No doubt due to a limited effects budget, almost nothing happens in the first forty minutes of The Final Terror. That’s a long time to spend watching badly-lit stereotypes smoke weed and tell ghost stories. This is the interesting thing about most drive-in flicks: they aren’t exciting. But, I suppose the culture of the drive-in requires a certain disposability; if the movies were too good, how could audiences slug brews and make fun of the dialogue? How could couples find time to fool around without long boring stretches? It’s almost more rewarding to find yourself disoriented at the drive-in, staring at a mason jar with a severed hand floating in blood, with no frame of reference. The story and characters in drive-in movies are entirely rote; it’s the strange and grisly images genre fans dig.

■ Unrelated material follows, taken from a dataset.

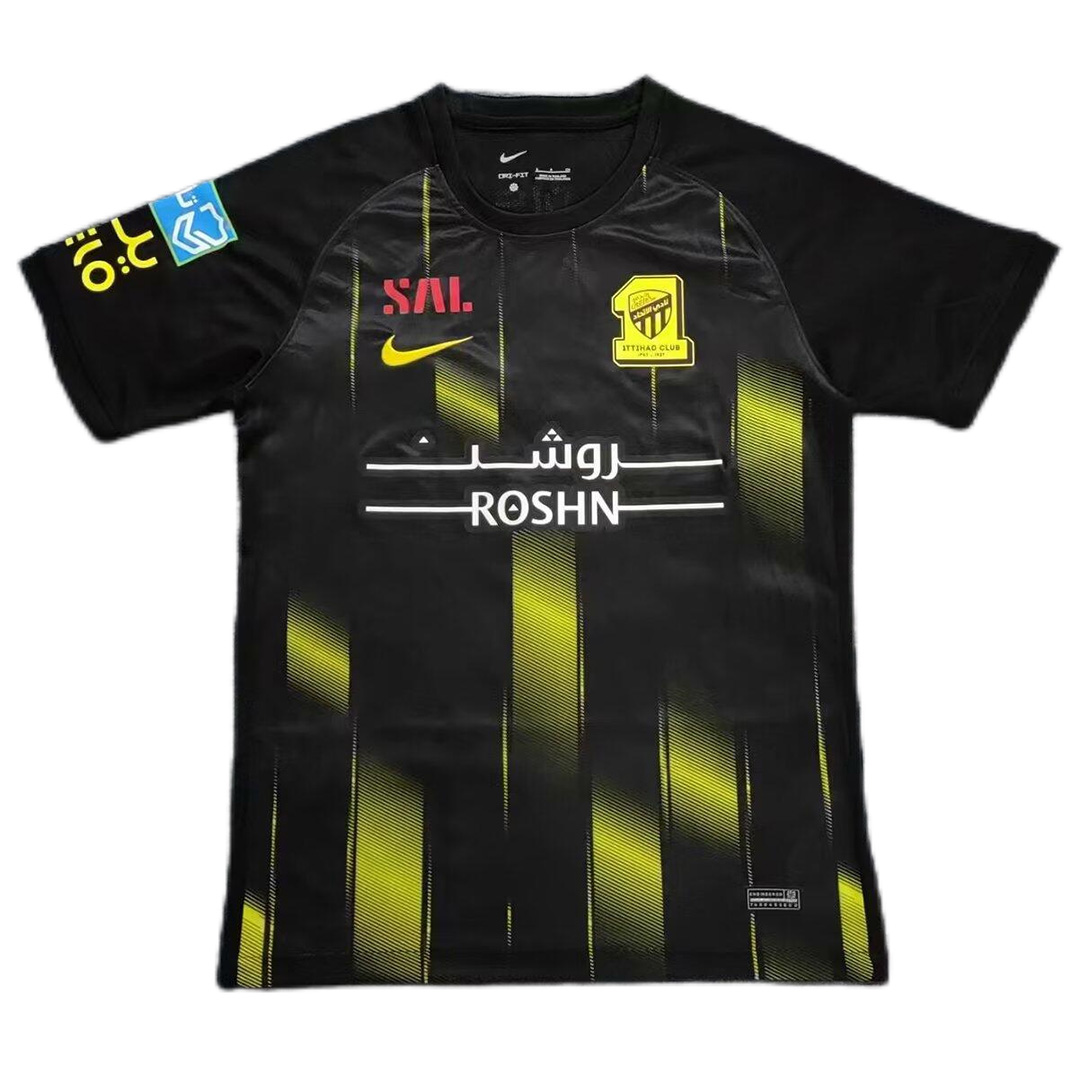 Al-Ittihad Third Jersey 2023/24 - Reps Jerseys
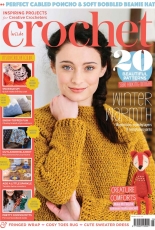 Inside Crochet Issue 108 2018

Yet, when a horror film is nearly two-thirds over and the audience still hasn’t seen the killer, or any interesting kills, even the most ardent genre fans are likely to become impatient. Luckily, at about the one hour mark, things get interesting. Fleeing blindly, the campers push an old raft down the river, about half of them in the raft, and half in the water. The natural lighting in The Final Terror is often frustrating; here it’s perfect. In a film with a tight schedule, you need to save each day’s “golden hour” for exactly the right moments; while this film is plain-lazy in many respects, Davis at least understands this. The desperation of the actors may in fact be real: the water must have been cold, and the ancient raft must have been cumbersome to maneuver. The tension is perfect by the time the unseen slasher hoists a dead body off a cliff and into the boat. After the body is thrown, the audience knows conclusively that Eggar is, in fact, either the “Final Terror” or the man responsible for inspiring it. This scene serves as a reminder that even sleaze can be art (one is reminded of the strange beauty found in the forest-chase scene from I Spit on Your Grave, or the burial in the final scene of Thriller: A Cruel Picture).

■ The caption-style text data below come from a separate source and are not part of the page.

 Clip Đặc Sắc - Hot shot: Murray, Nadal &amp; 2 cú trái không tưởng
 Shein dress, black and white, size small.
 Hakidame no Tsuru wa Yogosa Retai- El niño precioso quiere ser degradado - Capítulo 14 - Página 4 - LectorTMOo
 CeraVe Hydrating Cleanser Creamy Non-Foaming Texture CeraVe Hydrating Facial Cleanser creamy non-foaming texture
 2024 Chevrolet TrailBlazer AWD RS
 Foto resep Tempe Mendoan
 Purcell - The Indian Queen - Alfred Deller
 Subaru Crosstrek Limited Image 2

Unfortunately, after this strong sequence, the sun goes down, and much of the rest of the film takes place in impenetrable darkness; no atmosphere is created, you just can’t see anything. And I’m pretty sure that it isn’t just the deteriorated print transfer on my VHS (or wear on the tape itself); somebody made an executive decision that lighting simply wasn’t important. Now, the shots described earlier—and one incredibly beautiful washed-out scene later in the film—benefit from this naturalistic approach, this works for The Hills Have Eyes, certainly, but if you want to rip-off Friday the 13th, a more formalistic method is recommended.
The other scene in which natural light benefits The Final Terror (the washed-out scene I mentioned earlier) is the final scene, which was most likely a definite crowd-pleaser for the drive-in audience. Before the final showdown between the remaining campers and Eggar, the hillbilly tracker character “Zorch” climbs up away from the group and starts babbling about the beauty of the forest, and the horrors of Vietnam, in the same breath. When the campers ask what’s up, Zorch’s pal Hines says: “We found some magic mushrooms in the shack… he’s stoned out of his mind.” No doubt some of the kids in darkened drive-in lots across the Midwest could relate.